Some of you may be aware that once, in a galaxy far, far away, I was a Marine officer. I was commissioned out of college, and served for a total of eight years. During that time, I attended some interesting birthday ball events.
There was the year that I was the commander of the cake detail, in charge three other Marines as we escorted the "cake" to the proper location in the ballroom. The guest of honor, and the oldest Marine in the room, was PX Kelley. The youngest Marine was a 2ndLt on the cake detail. That's the year that I learned a little secret, that the 'cake' isn't really cake. The vast majority of what looks like a cake is actually plywood decorated with icing. For the 'cake' we were escorting, the second tier of the 'cake' was ringed with small USMC flags, with a small US flag marking the left and right borders of what was actually cake.
There was the year when, for some reason, the birthday ball venue included a stage, and a ramp was constructed for the cake detail to escort the cake up to the stage for the ceremony. I'm sure that the detail practiced moving a gurney but apparently they did so without an actual cake, because when the detail got to the top of the ramp during the ceremony, the two lead Marines realized that they needed to actually lift the cake, as there was a lip at the top of the ramp. When they did so, the gurney beneath the cake was freed, and rolled back down the ramp. Much hilarity ensued as the two trailing Marines, being downhill, realized that they weren't going to be holding the cake for long. Fortunately, several Marines in the audience jumped into action and rescued the detail.
There was the year when the commanding general droned on and on, as general officers are want to do. In fact, the general went on for so long that several Marines in the ceremony (who apparently had 'celebrated' prior the ceremony) began passing out. One of the senior Marines, who was later my boss, passed out...twice. He was caught the first time, before he completely pitched over, and took a seat for a few minutes at a table. Then he got up, got back into the formation, went to the position of attention, and apparently locked his knees again, because within seconds he began pitching back and forth. After the first instance, those of us seating at tables near the ceremony set up "fields of fire" and began watching those in the ceremony closely, looking for eyes rolling back, knees buckling, etc.
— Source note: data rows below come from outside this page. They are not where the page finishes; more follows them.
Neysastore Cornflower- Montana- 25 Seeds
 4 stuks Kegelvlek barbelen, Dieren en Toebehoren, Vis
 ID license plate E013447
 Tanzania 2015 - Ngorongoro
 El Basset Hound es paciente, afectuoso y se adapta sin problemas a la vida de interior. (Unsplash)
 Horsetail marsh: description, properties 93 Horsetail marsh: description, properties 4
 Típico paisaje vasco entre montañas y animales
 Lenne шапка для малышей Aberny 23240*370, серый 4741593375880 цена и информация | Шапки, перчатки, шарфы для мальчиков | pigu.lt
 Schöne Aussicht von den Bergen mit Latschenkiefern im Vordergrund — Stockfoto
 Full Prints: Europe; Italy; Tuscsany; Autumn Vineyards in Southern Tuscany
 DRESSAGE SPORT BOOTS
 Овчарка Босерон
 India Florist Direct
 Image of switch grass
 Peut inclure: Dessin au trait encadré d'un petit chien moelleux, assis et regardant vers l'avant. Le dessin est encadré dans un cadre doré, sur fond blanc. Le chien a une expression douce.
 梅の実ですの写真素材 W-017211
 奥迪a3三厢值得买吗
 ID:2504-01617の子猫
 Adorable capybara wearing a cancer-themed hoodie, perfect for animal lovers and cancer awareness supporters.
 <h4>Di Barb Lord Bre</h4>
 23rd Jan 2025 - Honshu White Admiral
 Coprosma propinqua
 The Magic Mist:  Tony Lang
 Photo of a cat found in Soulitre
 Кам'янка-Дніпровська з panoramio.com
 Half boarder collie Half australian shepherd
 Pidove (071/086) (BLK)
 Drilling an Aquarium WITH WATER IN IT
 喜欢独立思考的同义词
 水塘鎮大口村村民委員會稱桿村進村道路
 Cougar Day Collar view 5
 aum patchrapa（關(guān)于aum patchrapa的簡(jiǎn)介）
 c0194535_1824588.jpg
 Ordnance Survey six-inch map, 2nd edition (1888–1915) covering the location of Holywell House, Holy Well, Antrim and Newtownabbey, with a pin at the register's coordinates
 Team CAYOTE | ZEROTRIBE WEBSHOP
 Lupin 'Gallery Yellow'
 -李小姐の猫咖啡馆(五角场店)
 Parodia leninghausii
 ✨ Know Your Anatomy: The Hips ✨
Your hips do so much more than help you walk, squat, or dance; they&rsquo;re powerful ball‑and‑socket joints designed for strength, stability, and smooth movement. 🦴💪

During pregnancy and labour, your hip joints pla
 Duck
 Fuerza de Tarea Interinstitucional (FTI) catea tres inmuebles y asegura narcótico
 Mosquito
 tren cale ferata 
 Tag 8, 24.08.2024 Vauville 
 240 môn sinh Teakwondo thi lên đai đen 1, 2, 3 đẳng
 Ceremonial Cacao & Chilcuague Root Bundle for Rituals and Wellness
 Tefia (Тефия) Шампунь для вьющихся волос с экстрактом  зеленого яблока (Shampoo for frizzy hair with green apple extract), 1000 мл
However, the most memorable birthday ball occurred in Nov, 1990, as units that had participated in Operation Valiant Blitz returned to Okinawa from Pohang, South Korea. I was temporarily assigned to the USS Duluth as the billeting officer, and was responsible for the billeting of 217 Marines, as well as several officers and staff NCOs. On 10 Nov 1990, at 23:45, the ship's platoon assembled in the mess for mid-rats and the birthday celebration. The Navy cooks had made a big sheet cake, that apparently had been subject to the rolling of the ocean; one end of the cake had about an inch of cake, and an inch of icing, while the other end had two inches of cake and just the slightest layer of icing. For most of the young Marines on board, I don't think it mattered...and I hope that the those 18- and 19-year-olds who were there realized that they were part of a tradition reaching back more than 200 years.
So, to all past, present, and future Marines...Happy Birthday!